The Pledge of Elegance as originally written by Francis Bellamy in 1892 read as follows:

"I pledge allegiance to my flag and the republic for which it stands: one nation indivisible with liberty and justice for all."

It went through a couple of revisions including adding "of the United States" and later "of America" after flag. It was also recited NOT with the hand over the heart but with the hand raised in Bellamy salute a derivation of the Roman Salute similar to that used by the Nazi's in WWII. This would have been the custom as practiced by my grandparents between 1892 and about 1948 when the Bellamy Salute was replaced to distinguish our practice from that of the Nazi's and fascists.

It wasn't until 1954, the year my mother was born, that the growing cold war prompted an amendment aimed at further distinguishing our practice from that of the godless communists. It was only then that "under God" was added.

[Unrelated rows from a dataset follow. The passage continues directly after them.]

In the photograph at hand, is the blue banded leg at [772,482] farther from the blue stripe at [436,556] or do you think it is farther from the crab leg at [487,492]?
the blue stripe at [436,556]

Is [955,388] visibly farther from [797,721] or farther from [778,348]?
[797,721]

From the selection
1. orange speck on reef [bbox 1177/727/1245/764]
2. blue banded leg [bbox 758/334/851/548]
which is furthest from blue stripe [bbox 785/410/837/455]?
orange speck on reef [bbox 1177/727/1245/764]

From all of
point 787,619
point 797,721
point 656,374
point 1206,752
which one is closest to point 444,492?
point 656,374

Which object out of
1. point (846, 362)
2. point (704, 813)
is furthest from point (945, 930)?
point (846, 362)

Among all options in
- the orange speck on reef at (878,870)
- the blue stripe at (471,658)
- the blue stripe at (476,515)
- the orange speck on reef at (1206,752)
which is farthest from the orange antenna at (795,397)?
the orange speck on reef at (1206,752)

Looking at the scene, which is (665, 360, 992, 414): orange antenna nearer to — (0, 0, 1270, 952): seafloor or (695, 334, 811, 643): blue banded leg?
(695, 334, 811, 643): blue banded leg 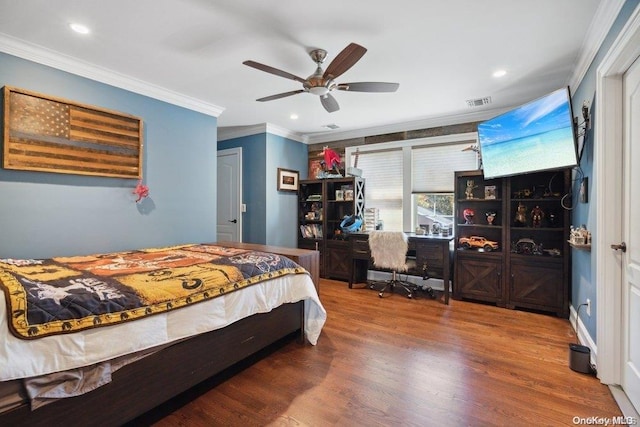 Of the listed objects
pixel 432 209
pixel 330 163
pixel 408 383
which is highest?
pixel 330 163

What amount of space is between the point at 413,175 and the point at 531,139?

It's ironic that in today's climate of anti-socialist rhetoric, at a time when conservatives are wanting to go "back to their roots", and "look to our founding fathers" that they would choose the Pledge as their rallying point. Francis Bellamy was a Socialist. He was also a theologian and Baptist minister and yet felt no need to author the pledge with the mention of God. Nor was "under God" deemed a necessity of the pledge for almost 50+ years after it's creation.

It makes one wonder exactly which roots conservatives are trying to get back to.

#2 - The 2nd (or 3rd) Commandment (depends on your denomination)

It goes something like this:

"Thou shalt not take the Lord your God's name in vain, for the Lord will not leave him unpunished who uses takes His name in vain

Now, the usual interpretation is something along the lines of "don't use His name as a curse word." However, it goes beyond that. Using His name in vain is using His name without purpose, without respect for the name or the entity or the greatness. It's using His name or speaking of His being in a way that is diminishing and not glorifying.

So I ask people what glory does it bring to Him to have school children mindlessly repeating His name day after day after day? Or tens of thousands of people at a game simply following the TV screen, mindlessly hopping up from their seat secretly wishing that the game would just start already? Likewise how does it glorify Him to have His name on the dollar bill or the penny. Think about it in this manner, His name in the past was reserved for recitation only in the deepest part of the temple, the cleanest most holy areas. His name was meant to be spoken with reverence and fear in those quiet dark places.

Now contrast that with modern American society where tele-evangelists hock books and DVDs using His name, where we place it on our currency that's riddled with feces and dirt and germs and traces of drugs. We put His name on the corners of buildings and on stone outcroppings that thousands of people pass by daily never realizing that His name is there just feet away. We litter the airwaves and internet posts with it, cutting and pasting our way closer to him? Is this really what we would call glory to Him on high!

Worse still are the people who use His name in hate and in anger. They carry placards with His name in crayon, denouncing others, spewing hatred and violence. His name used with pictures of dead children, with words like "hates" and "punishes" and "detests" and "kills", espousing any number of beliefs about Him and his feelings towards us and our sins. As if we knew. As if mere words in a book, however divinely inspired, could intimate to us and our largely primate minds, the simplest of His feelings towards us and His ultimate direction for our life.

It frustrates me to no end to see people following that path while espousing that they are glorifying him in doing so.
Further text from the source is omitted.